President Muhammadu Buhari has urged Fulani herdsmen and other Nigerians to ignore a recent call by the Northern Elders’ Forum (NEF) and the Coalition of Northern Groups (CNG) for herders to relocate from southern Nigeria to the northern parts of the country.
The controversial order, issued on Tuesday, was based on the claims that the safety and security of the Fulani herdsmen and their cattle could no longer be guaranteed in the southern part of the country.
The President, in a statement issued by his Senior Special Assistant on Media and Publicity, Mallam Garba Shehu, said going by the provisions of the 1999 Constitution, all Nigerians were free to reside in any part of the country.
The President, therefore, called on all Nigerians to help keep the peace in the country.
“All citizens of Nigeria are free to move and live within any part of the country they please, whether or not they are originally from there.59
“In line with our country’s constitution, the government of Nigeria and the administration of President Buhari will protect citizens of Nigeria wherever they find themselves.
“No one has the right to ask anyone or group to depart from any part of the country, whether north, south, east or west,” the President said.
The President questioned the intentions of the NEF and the other so-called leaders in delving into issues with unsolicited, ill-intentioned advice.
“They have no one’s authority to make such pronouncements. The polarising role of the Northern Elders’ Forum and all those other groups dabbling into issues of security to score cheap political points has, for long, been a sore point in Nigeria’s body polity. They should not be allowed to mislead anyone, least of all the Fulani herders.

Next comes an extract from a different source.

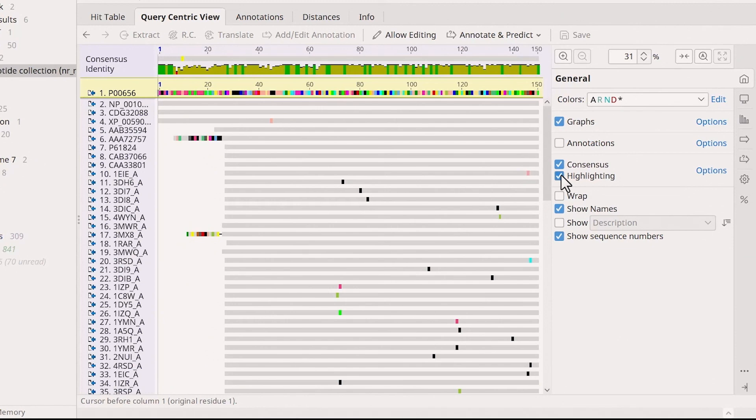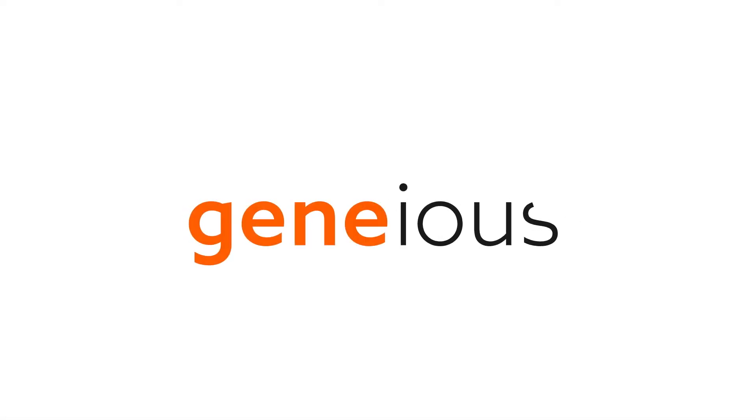And that's how you perform BLAST searching. To learn more, visit Genius.com.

“The Buhari administration is fully devoted to finding a lasting solution to the herder-farmer clashes in different parts of Nigeria – one that would be acceptable to all the parties involved,” the statement read.
Chairman of NEF, Prof. Ango Abdullahi, who gave the order on Tuesday, had said the order had become necessary following reports that the herdsmen have been exposed to some danger in the hands of some hostile communities in the southern part of the country.
“…If it is indeed true that their safety is not guaranteed in the places where they are residing, we would rather have them back into areas where their safety is guaranteed, and they should be coming back as much as possible to the North,” Abdullahi said.
Also, the spokesman for the Coalition of Northern Groups (CNG), Abdul-Azeez Suleiman, said “… we feel obliged to advise the leadership of the Northern Elders’ Forum to consider calling on the Fulani to forego their right to live and flourish anywhere in the South and relocate to their various states in the North to ensure their safety.”
In a response to the order, Yakasai argued that the proposed relocation would amount to a breach of the 1999 Constitution and a violation of the rights of the herdsmen to live anywhere they choose within the territory of the Federal Republic of Nigeria.
According to him, the Fulani herdsmen were bona fide Nigerians who must not be intimidated and harassed out of any community in Nigeria.
“Leadership of the Northern group should be aware that the constitution of the Federal Republic of Nigeria has bestowed right to every Nigerian to live in any part of the country he or she wishes to reside and that no authority, group of people or an individual, no matter how highly placed, can deny any Nigerian to exercise this inalienable right.